**Exercise brief:** Reproduce every entry below precisely; do not include the pictures.

**Data records:**
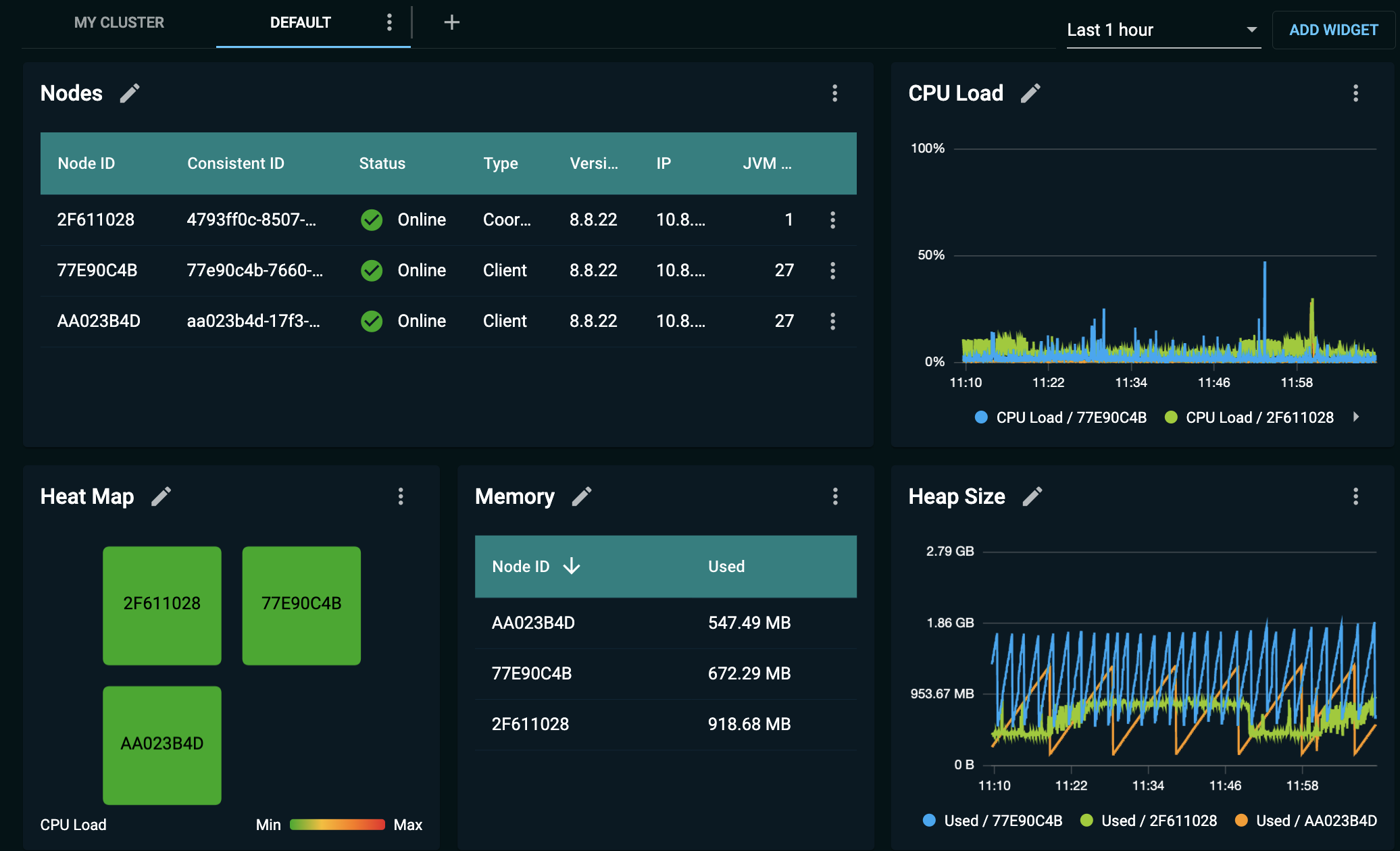 Apache Ignite Saas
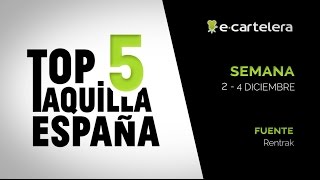 Taquilla España  2 al 4 de diciembre [upl. by Aiuqram141]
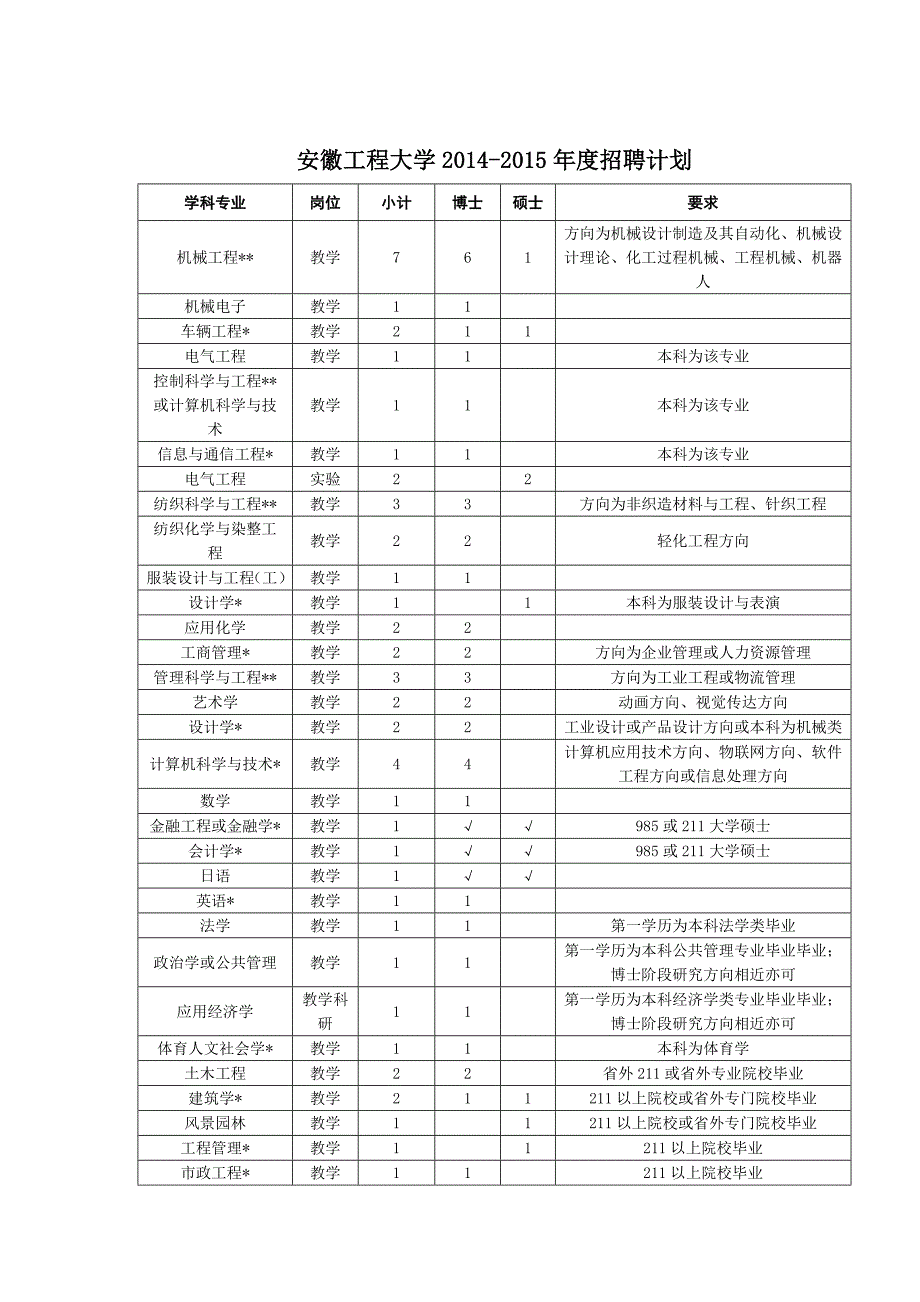 安徽工程大学2014-2015年度招聘计划_第1页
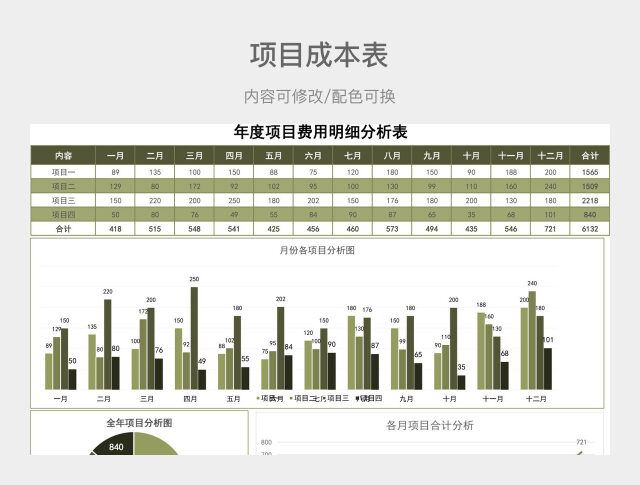 橄榄绿清新年度项目费用明细分析表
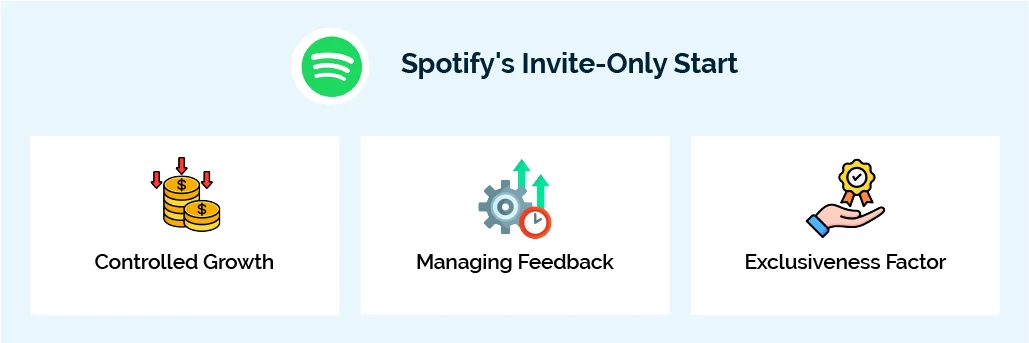 Spotify's Invite-Only Start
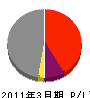 中之島建設 損益計算書 2011年3月期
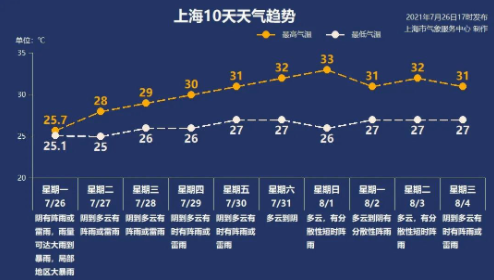 台风烟花过后上海地铁恢复了吗20214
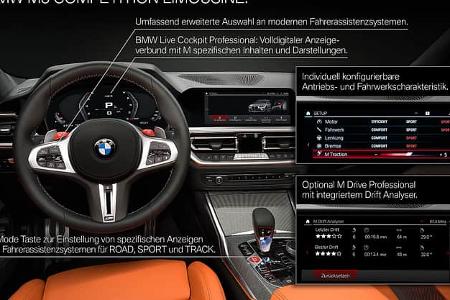 BMW M3 Competition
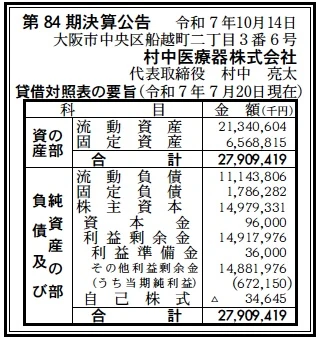 【中古】 株式会社の決算第3版 10610 決算分析 : 村中医療器株式会社 第84期決算 当期純利益 672百万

**Written reply:**
 Apache Ignite Saas
 Taquilla España  2 al 4 de diciembre [upl. by Aiuqram141]
 安徽工程大学2014-2015年度招聘计划_第1页
 橄榄绿清新年度项目费用明细分析表
 Spotify's Invite-Only Start
 中之島建設 損益計算書 2011年3月期
 台风烟花过后上海地铁恢复了吗20214
 BMW M3 Competition
 【中古】 株式会社の決算第3版 10610 決算分析 : 村中医療器株式会社 第84期決算 当期純利益 672百万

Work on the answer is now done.